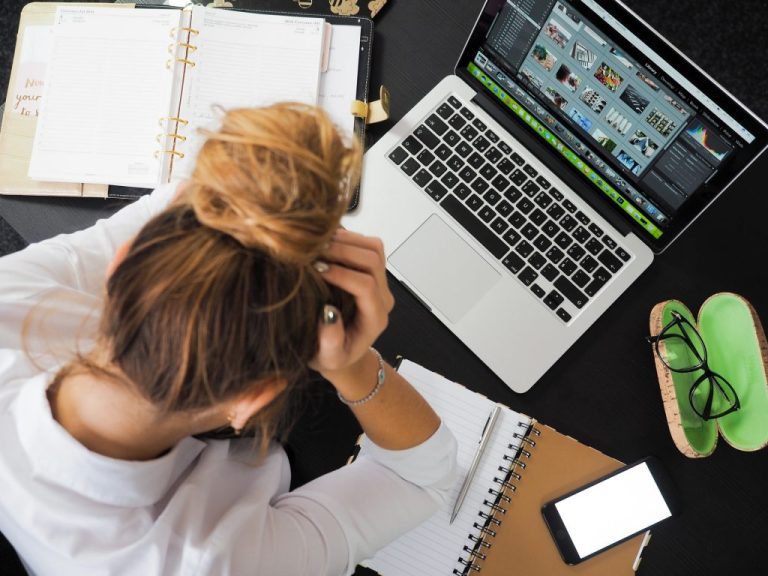 7 Damaging Ways Freelancers Show Anxiety and Ways to Hide It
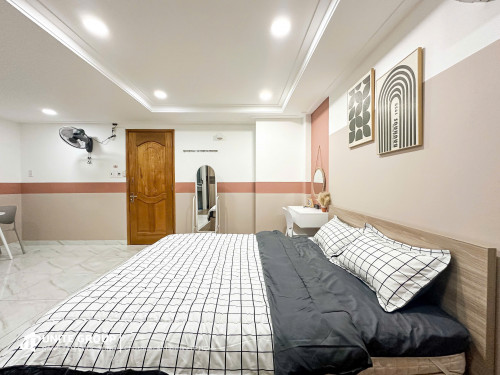 CĂN HỘ CHO THUÊ STUDIO TÁCH BẾP VỪA HOÀN THÀNH TẠI Q10 GẦN CÔNG TRƯỜNG DÂN CHỦ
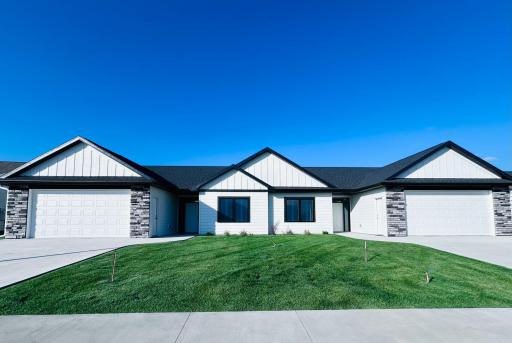 158 Sandstone Drive NW, Eyota, MN 55934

+--

▸ **Exercise objective**: Once the pictures are set aside, output the whole listing exactly.

▸ **Task response**:
 7 Damaging Ways Freelancers Show Anxiety and Ways to Hide It
 CĂN HỘ CHO THUÊ STUDIO TÁCH BẾP VỪA HOÀN THÀNH TẠI Q10 GẦN CÔNG TRƯỜNG DÂN CHỦ
 158 Sandstone Drive NW, Eyota, MN 55934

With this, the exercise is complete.